§ **About this task**
Starting with the line below that holds "Фото отеля Alba Maris apartment" and stopping after the line that holds "Luang Prabang Boutique House", transcribe the lines exactly, leaving out all pictures.

§ **Study material**
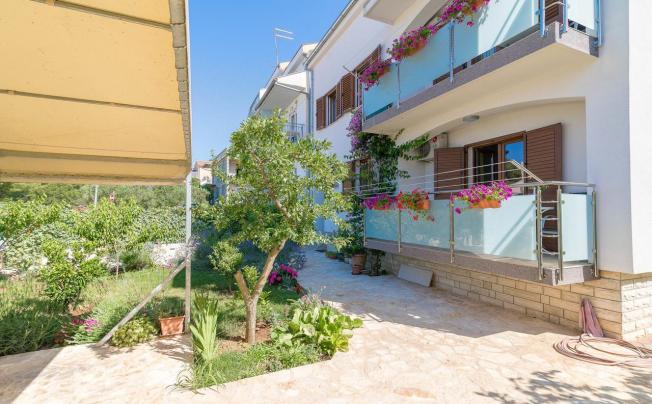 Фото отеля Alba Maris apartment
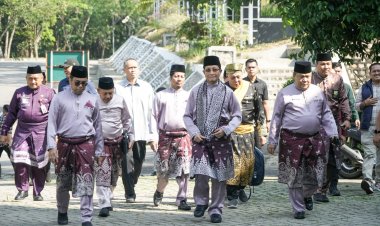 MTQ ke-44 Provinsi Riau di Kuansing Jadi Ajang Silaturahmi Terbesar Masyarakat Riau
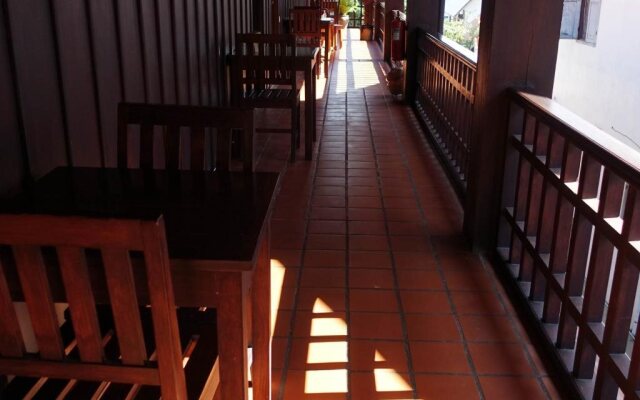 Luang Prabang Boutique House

---

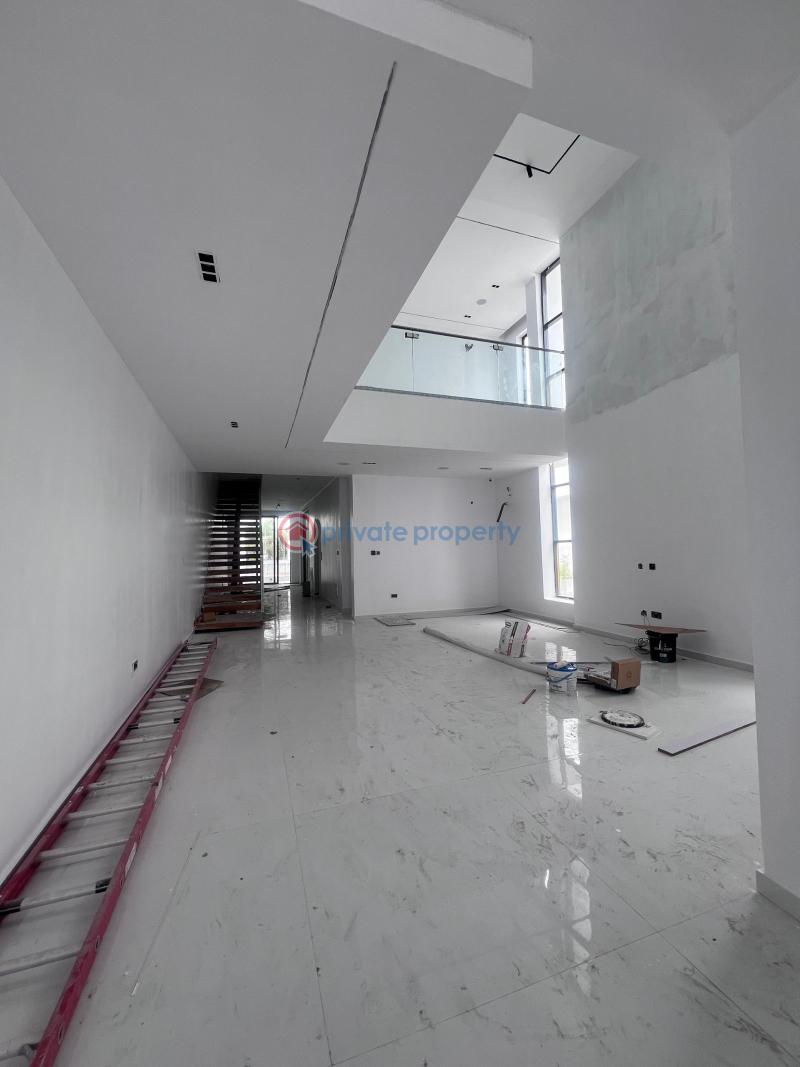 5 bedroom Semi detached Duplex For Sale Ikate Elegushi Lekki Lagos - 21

§ **Answer for the task**
 Фото отеля Alba Maris apartment
 MTQ ke-44 Provinsi Riau di Kuansing Jadi Ajang Silaturahmi Terbesar Masyarakat Riau
 Luang Prabang Boutique House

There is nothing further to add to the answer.